There’s an old Chinese proverb that tries to poeticize the complete and utter agony of losing a lover: If you love something set it free. If it comes back to you, it’s yours. If it doesn’t, it never was. Come again? Whoever wrote this has obviously never spent the night alone with a box of tissues and a tub of bon bons watching The Way We Were for the ninetieth time.
“Breaking up is hard to do…” – another proverb, this one by Neil Sedaka, circa 1962 – doesn’t begin to do this trauma justice. It’s right there below death and taxes on list of things we all face, but that doesn’t mitigate the lengths to which we will go to get past the pain. Once the tissues are gone and the bon bons have made you nauseous, there comes a moment when a radical and dangerous notion crosses our minds, and at first it seems so logical, so wondrous: why I don’t I just try to get him (or her) back?
Welcome to the most vicious of all cycles where love is concerned. It matters not who dumped who, or for what reasons. Logic has no bearing when it comes to considering desperate measures in desperate times.
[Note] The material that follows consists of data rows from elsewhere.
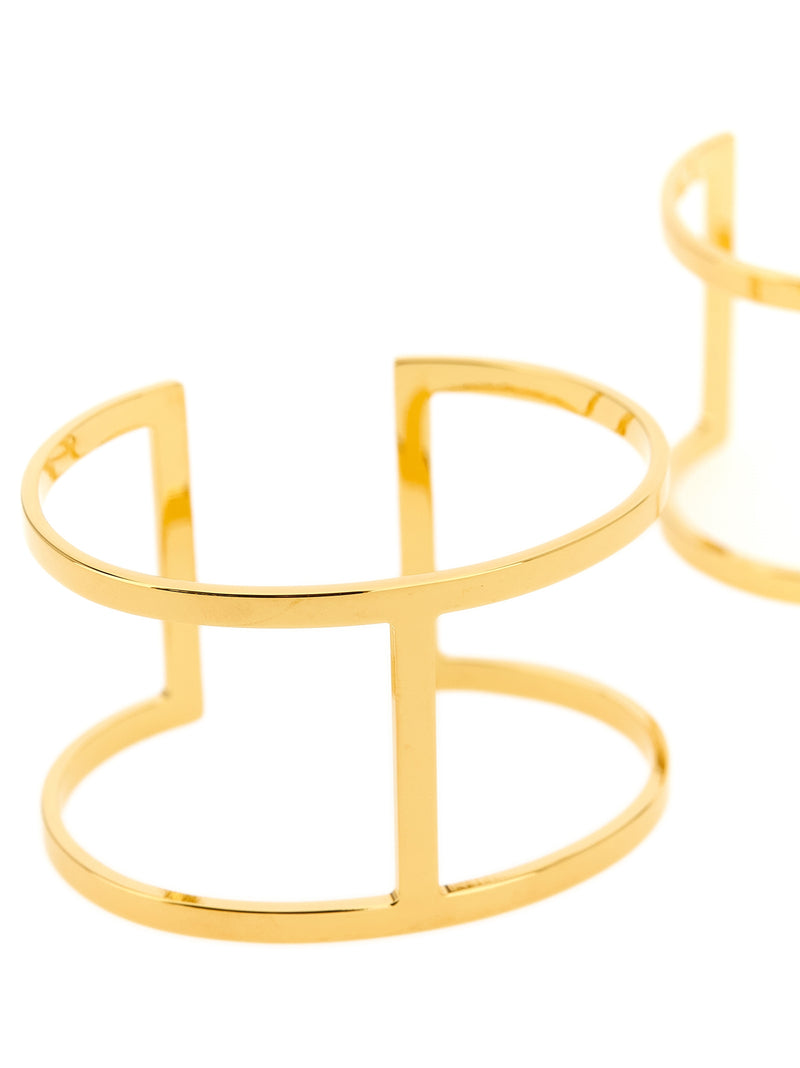 Elisabetta Franchi Gold Brass Bracelet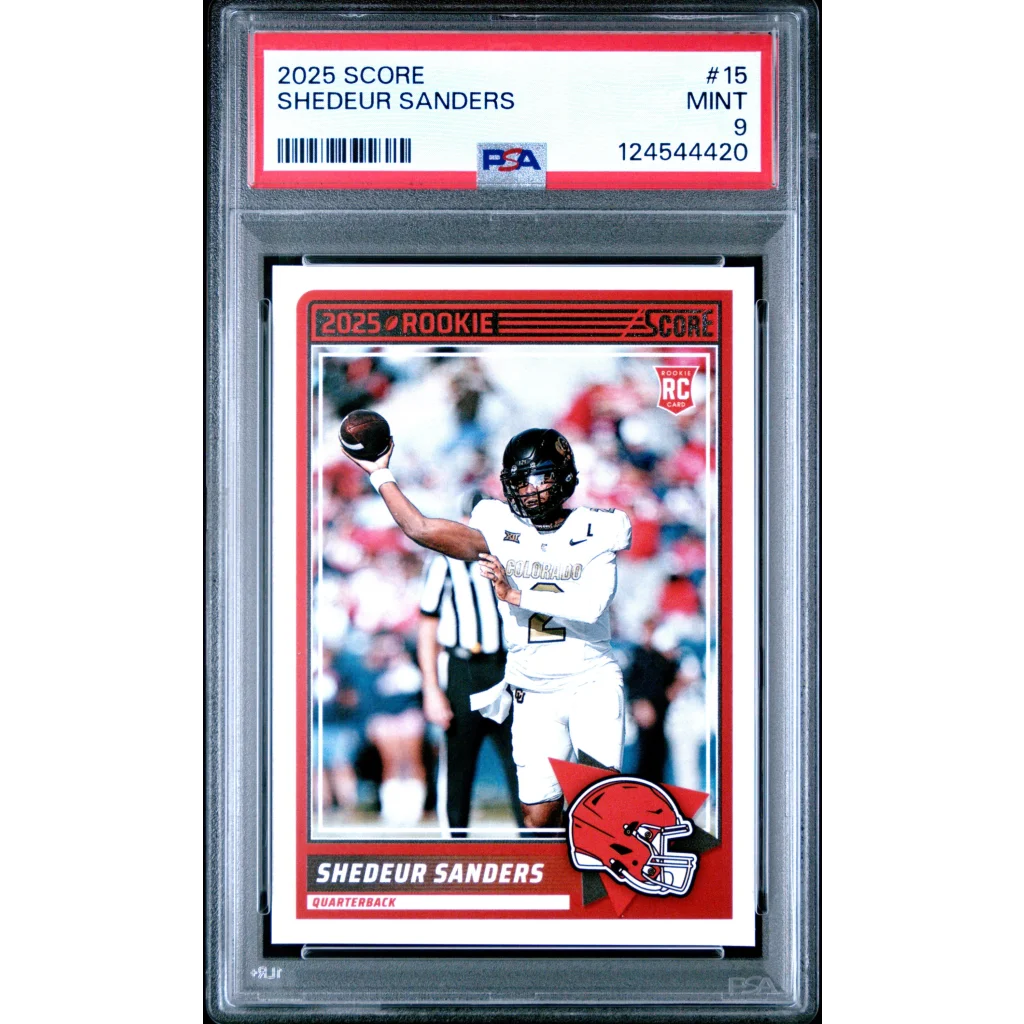 Mint PSA Graded Shedeur Sanders 2025 Rookie Card Browns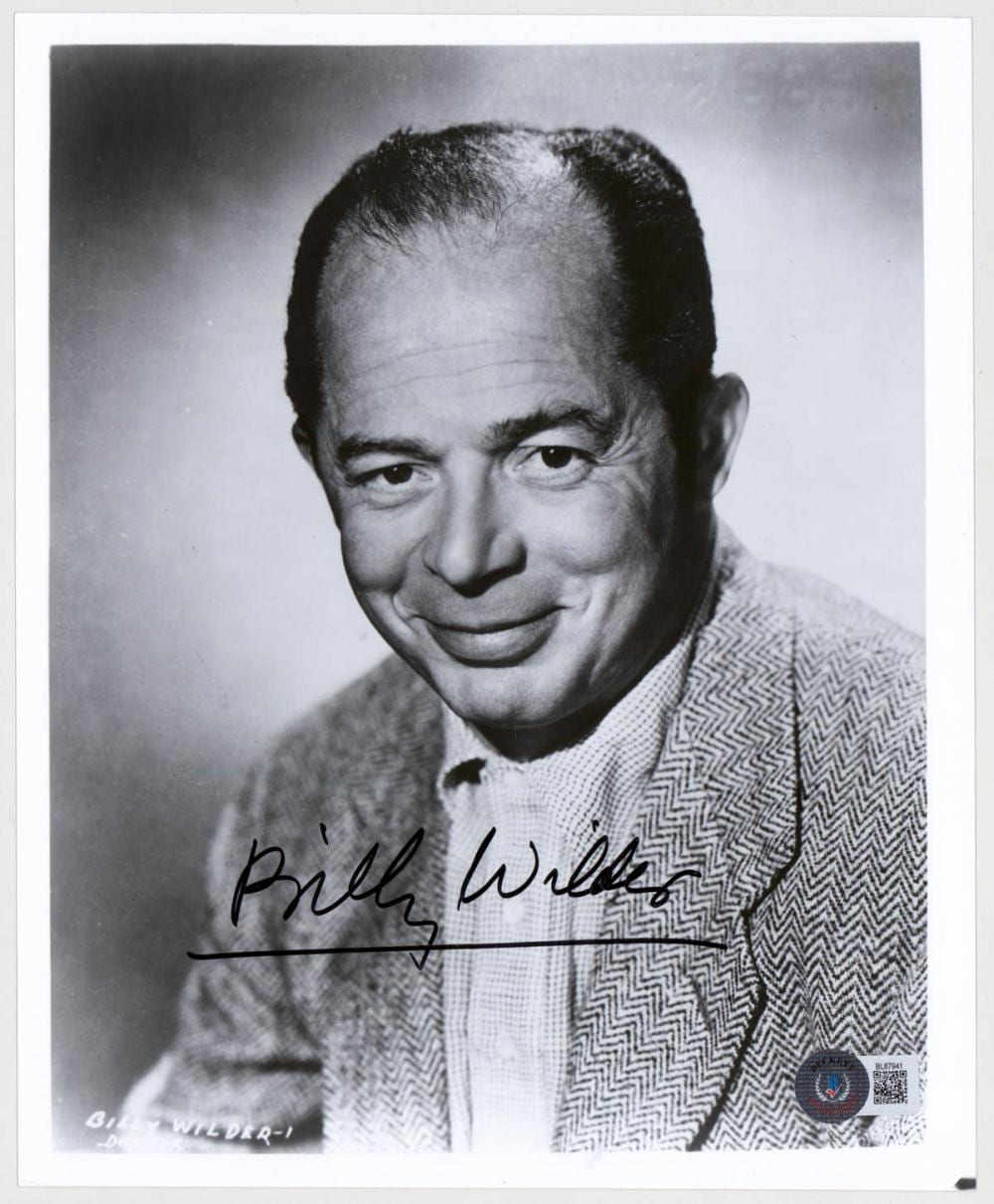 Billy Wilder comparable auction result: 6 oscars billy wilder 8x10 photo signed bas coa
Because the key word here is desperate, and like Michael Jackson with his head on fire, the desperate do whatever it takes.
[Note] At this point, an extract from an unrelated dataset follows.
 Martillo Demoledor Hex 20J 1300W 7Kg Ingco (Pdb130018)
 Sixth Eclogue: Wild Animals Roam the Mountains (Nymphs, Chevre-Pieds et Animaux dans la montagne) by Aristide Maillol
And that’s the problem. Reconciliation might be the perfect quick fix, but in many cases it actually fixes nothing at all unless planned under the tutelage of Dr. Phil or at least your target’s best friend. So heed the accumulated wisdom of centuries and stop right there.
Don’t do it. At least not right away. The kindest, most loving thing you can do for yourself – and for your departed lover – is to allow time to do its work. Nothing about your emotions or your intellect, which have suddenly swapped places in the front seat of your existence, is operating on all cylinders. Reason, pride, patience, forgiveness… all are foreign concepts when your heart has been shredded and flushed.
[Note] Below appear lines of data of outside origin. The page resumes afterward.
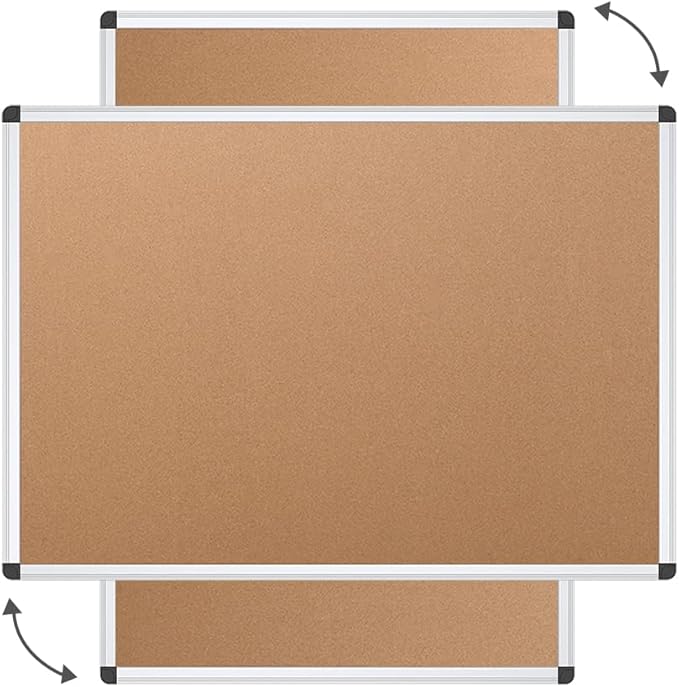 VIZ-PRO Cork Notice Board, 36 X 24 Inches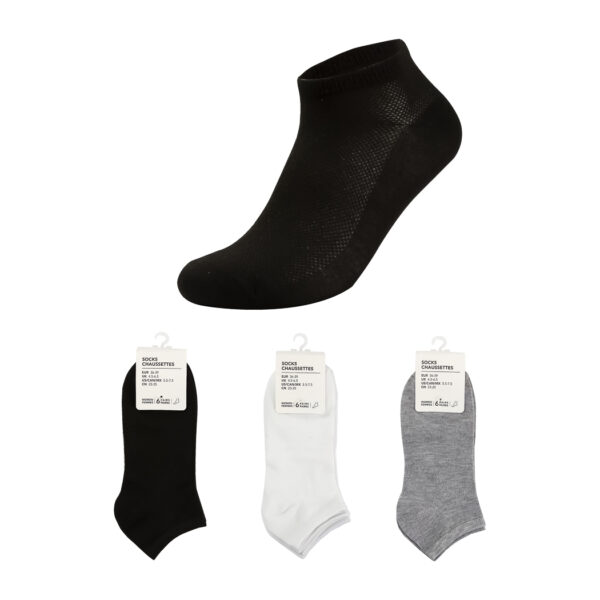 Women's Classic Low-Cut Socks (6 Pairs)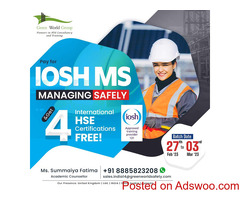 Enroll IOSH MS Course & Grab Free Certificate…!!!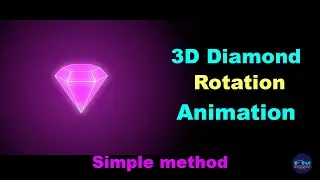 3D Diamond shape Animation in After Effects Tutorial | cycleanimation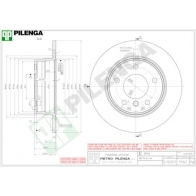 Тормозной диск PILENGA 2363533 TXIK 7 5562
In the midst of your long dark night one truth endures: whatever made your relationship implode is still there, and you risk much by crawling out from under the bus. Take care of yourself first, lean on friends, spend the money to get counseling if you must, but approach our ex-love with great care. At least until the two of you bottom out on the issue of who should apologize to who, and the checklist of things that need to change has aged like a fine cabernet, only later to be allowed to breath before bringing it to your lips.
Remember, the saying says… it will come back to you… not, you’ll crawl through cut glass for another shot. Trust that things will soon look and feel different, and only then can you begin to pick up the pieces and begin to rebuild your life. Even if that means you intend to go back in, at least now you’ll have a shot at it working.